● **Information given**
==============================
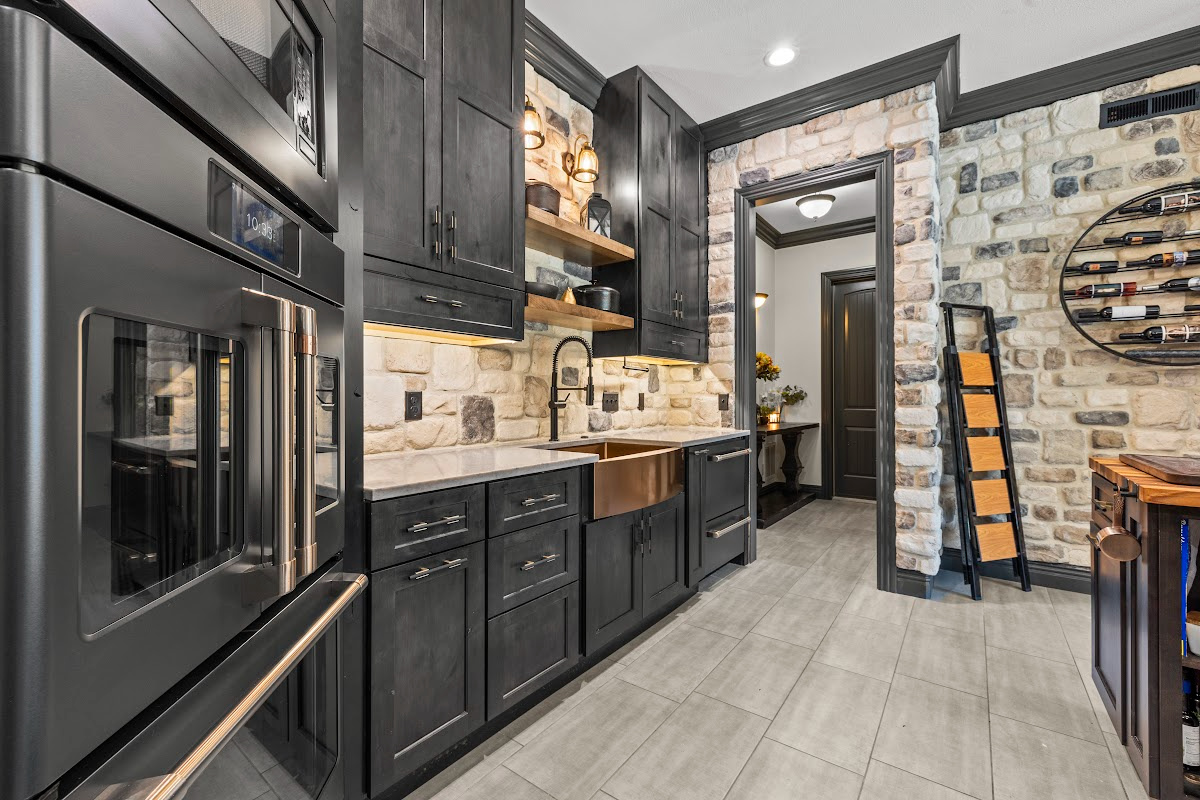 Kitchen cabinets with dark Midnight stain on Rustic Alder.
==============================
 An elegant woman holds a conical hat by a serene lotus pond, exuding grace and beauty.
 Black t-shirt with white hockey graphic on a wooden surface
==============================
● **What to produce**
From the records above, print only the lines between the one holding "An elegant woman" and the one holding "Black t-shirt with", inclusive, exactly as they stand.

● **Your response**
 An elegant woman holds a conical hat by a serene lotus pond, exuding grace and beauty.
 Black t-shirt with white hockey graphic on a wooden surface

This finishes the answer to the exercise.